PostPosted: October 27, 2012 3:45 AM 

Good find Paul! I think this is indeed another white patch...would love to see a close-up!


Posts: 125

Reply: 232

PostPosted: October 27, 2012 12:03 PM 

Hort - re #227. Right.


Posts: xxx

Reply: 233

PostPosted: October 27, 2012 2:08 PM 

A couple more Chemcam-Mastcam 3D pairs of peculiar rocks:

with location links.

The first one really, really looks like a hollow cylinder. Unfortunately, the lighting doesn't match very well between the images - so it's hard to say exactly what we are seeing.

James G

Posts: 3

Reply: 234

PostPosted: October 27, 2012 3:40 PM 

Re Hort's 227, 228, 233,
Since Curi is currently working at the edge of an identified water-laid alluvial fan, it makes sense that fossil-bearing rocks could have been washed down and exposed here. The images are suggestive, just at the edge of critical resolution which would allow clearer id. The second image in 233 contains what resembles crinoidal inclusions.
The evidence of past surface water flow also affects understanding of geologic time-lines. Obviously, water flowed here after whatever events created the present rock and soil surface.


Posts: 125

Reply: 235

PostPosted: October 27, 2012 5:44 PM 

Hi Hort - Great images; thanks.

Is there anyway to know or guess which rocks are being magnified? Obviously ones that are very close to the rover. But it would be nice to see the rocks that are magnified from a distance to get an idea of what we are looking at up close.


Posts: xxx

Reply: 236

PostPosted: October 27, 2012 7:42 PM 

Er, um, ah, RJS, did you look at the images on Flickr and notice in the Flickr comments a link called Location? I try to include a link to a context picture for all my detail images. I always call the link "Location".

I thought the notation was self evident - but I guess not.
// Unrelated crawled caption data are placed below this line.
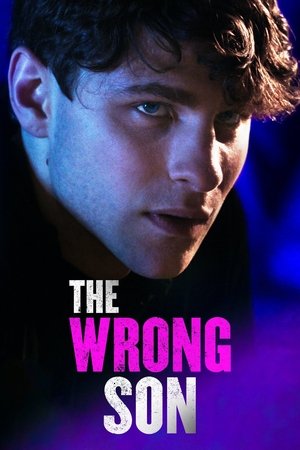 Watch Free Her Sons Secret (2018)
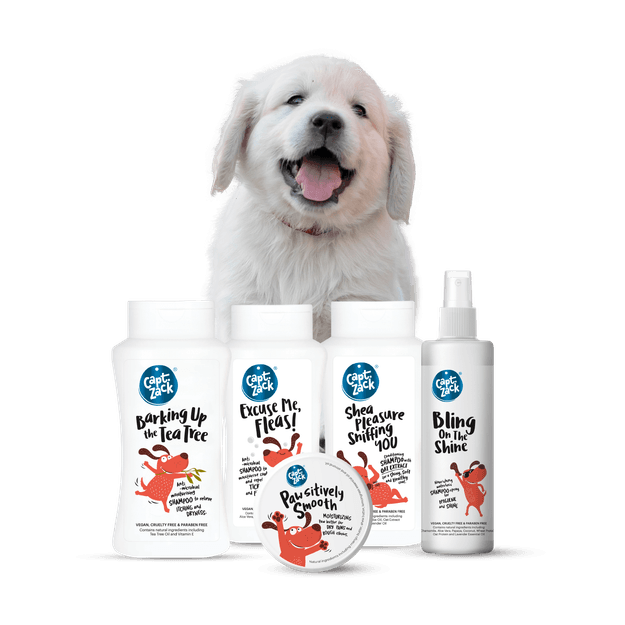 Grooming Essentials Mini Kit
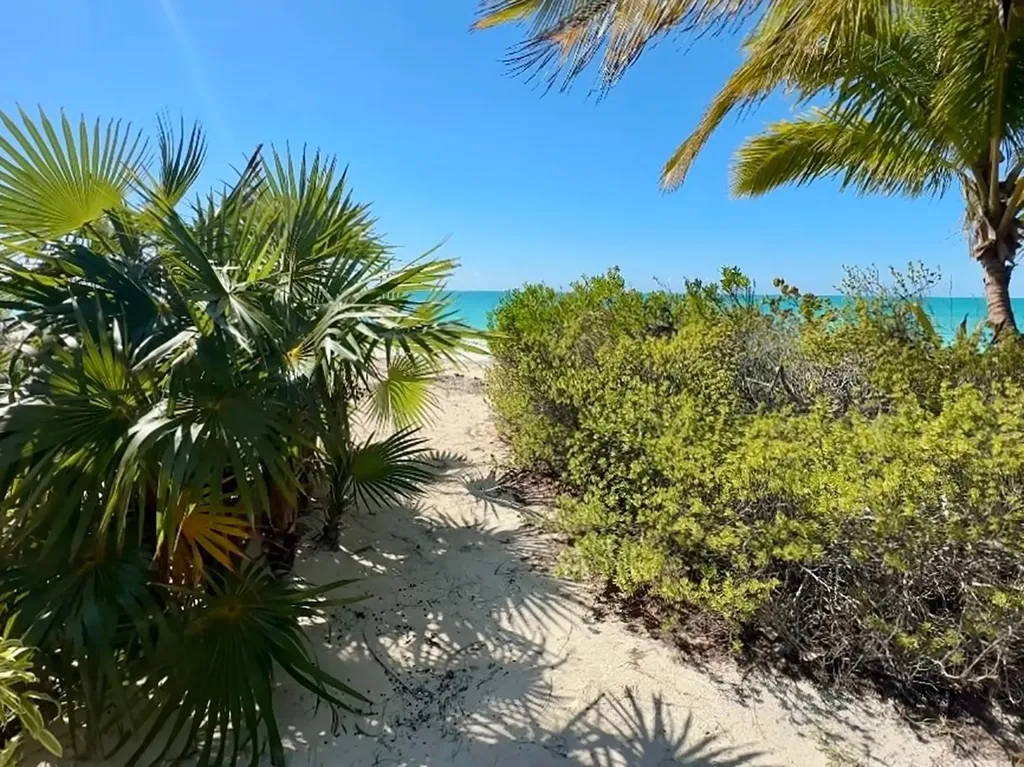 Lot F Old Bight Cat Island BS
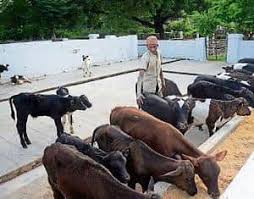 SAC approves Legislation to regulate bovine breeding activities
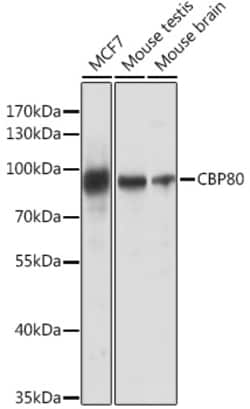ABclonal Technology&nbsp;CBP80 Rabbit pAb
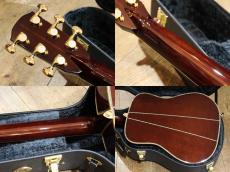 Shelly SYM-D50M-SP._9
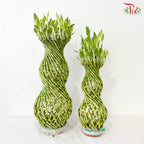 Hulo Bamboo 葫芦竹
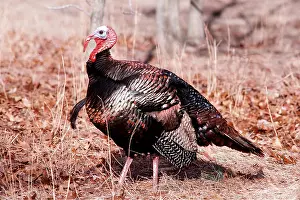 Wattles: WILD TURKEY - side view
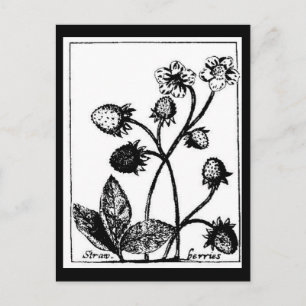 Postcard-Botanicals-Erdbeeren 3 Postkarte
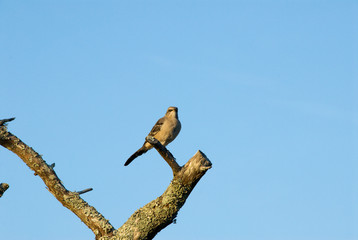 Fototapeta na wymiar Northern Mockingbird Sitting on a Tree Branch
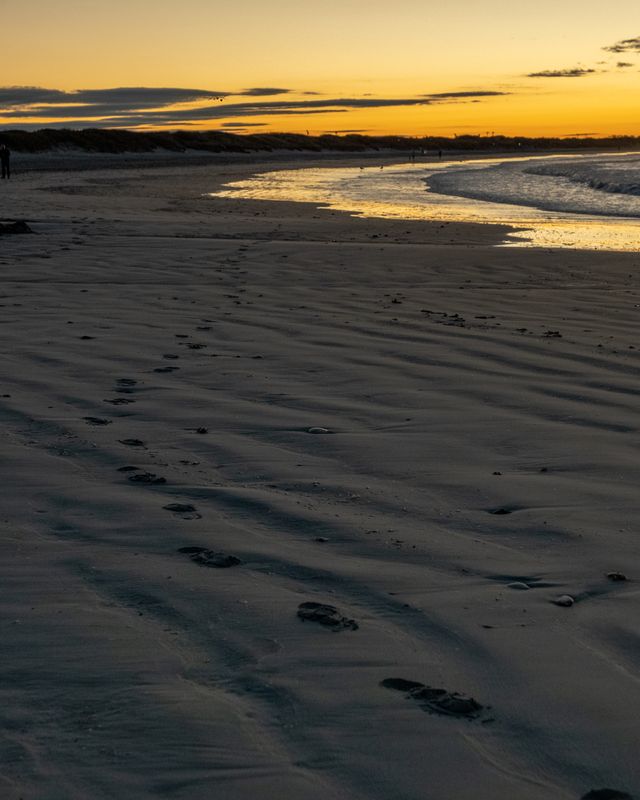 November 2 Beach sunrise 4  L2556.jpg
FOLLOW the $&$*ing links please.


Posts: 125

Reply: 237

PostPosted: October 27, 2012 8:46 PM 

Whoops! YES - I went to your Flikr. But NO - I didn't follow the $&$*ing links. I often do, but not this time.

I stand corrected...


Posts: xxx

Reply: 238

PostPosted: October 29, 2012 2:57 PM 

sol 0082 MAHLI false color 3D detail of peculiar rock:

with location links back to a Navcam pan - including along the way a super 3D Mastcam view of the same rock.

another sol 82 MAHLI 3D:

also turned to the left relative to the location image.


Posts: 303

Reply: 239

PostPosted: October 29, 2012 4:17 PM 

Maybe the "peculiar rock" is a carbonate rock.


"Carbonate rock sample collected during yesterday's dive. The shell fragments of seep clams are captured in this solid rock matrix, suggesting that this rock formed in a gas-venting environment. This is a classic example of a methane-derived carbonate cement."




Posts: 303

Reply: 240

PostPosted: October 29, 2012 4:31 PM 

In the past, the "lack of carbonates" has been used as an argument against life on Mars.